Bulgaria has the sixth-highest old-age dependency ratio in the European Union, statistics agency Eurostat said on May 8, and is one of nine countries above the EU average.

The old-age dependency ratio is traditionally seen as an indication of the level of support available to older people (those aged 65 or over) by the working age population, (those aged between 15 and 64). It also illustrates our ageing populations, Eurostat said.

Almost one in five people in the EU is aged 65 or over (19.4 per cent). This represents a population of nearly 100 million people.
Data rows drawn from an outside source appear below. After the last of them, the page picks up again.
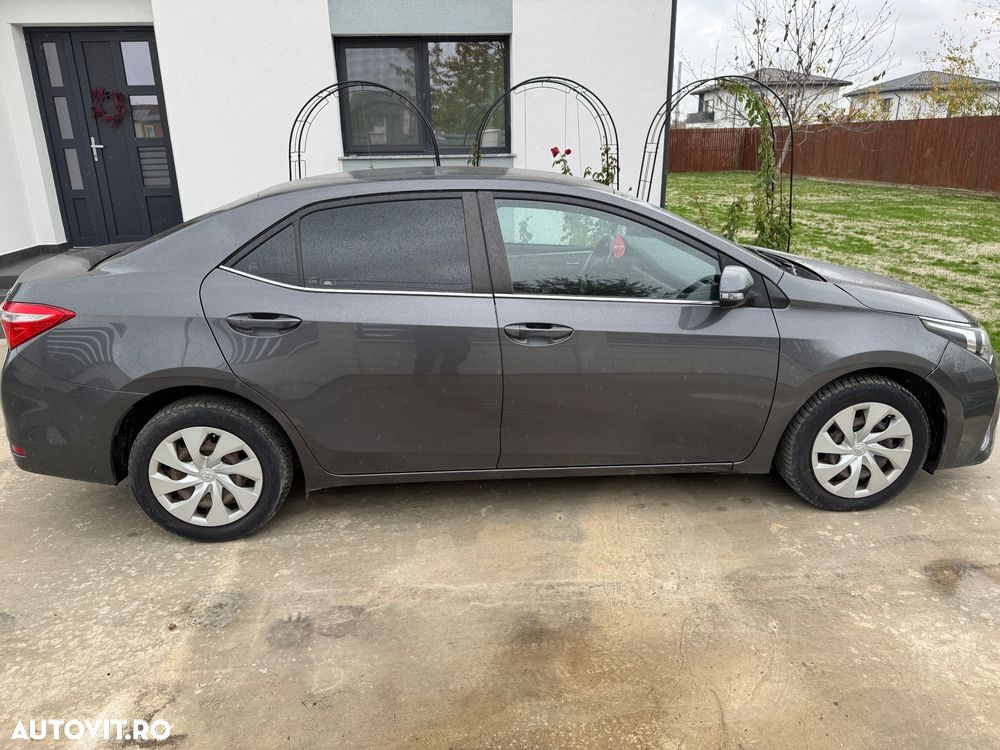 Toyota Corolla 1.6 Valvematic Luna - 11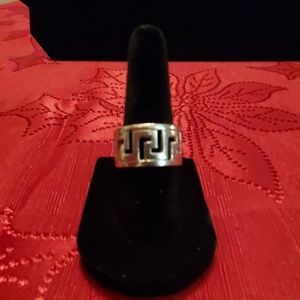 Silver ring with Unique Cutouts costume jewelry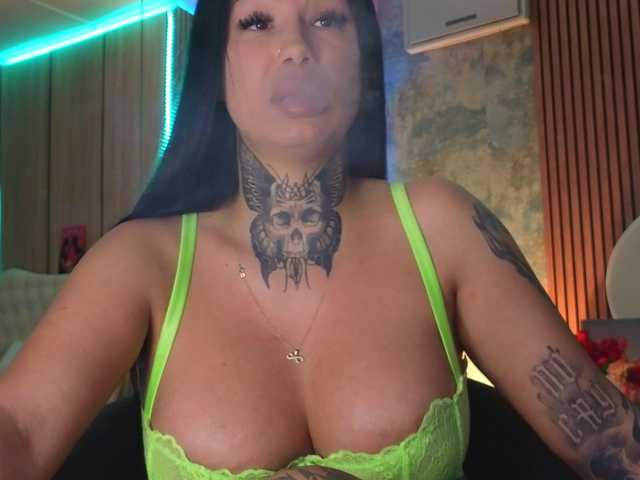 AngellBlackX live cam on BongaCams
In the EU, the old-age dependency ratio was 29.9 per cent in 2017. In other words, there were slightly more than three people of working age for every person aged 65 or over.

The EU’s old-age dependency ratio has been increasing for a long time. Twenty years ago, there were about five people of working age for every person aged 65 or over. Ten years later, the ratio was 4:1 and today it is close to 3:1.

In 2017, across the EU member states, the old-age dependency ratio was highest in Italy (34.8 per cent), Greece (33.6 per cent) and Finland (33.2 per cent), followed by Portugal (32.5 per cent) and Germany (32.4 per cent).

At the opposite end of the scale, the lowest ratios were recorded in Luxembourg (20.5 per cent) and Ireland (20.7 per cent), ahead of Slovakia (21.5 per cent) and Cyprus (22.8 per cent). In these Member States, there were about five people of working age for every older person.

Bulgaria’s figure was about 32 per cent.

Over the last two decades, the old-age dependency ratio has increased in all Member States, except in Luxembourg where it fell from 21.2 per cent in 1997 to 20.5 per cent in 2017 (-0.7 percentage points – pp).

The largest increases between 1997 and 2017 were recorded in Finland (from 21.7 per cent to 33.2 per cent, or + 11.5 pp), Malta (+10.7 pp), Slovenia (+10.1 pp), Lithuania and Portugal (both +9.8 pp), Greece (+9.7 pp), Italy (+9.6 pp), Germany and Latvia (both +9.4 pp).

In contrast, increases were more moderate in Ireland (from 17.4 per cent in 1997 to 20.7 per cent in 2017, or +3.3 pp), the United Kingdom (+3.7 pp), Belgium (+3.9 pp) and Sweden (+4.2 pp), Eurostat said.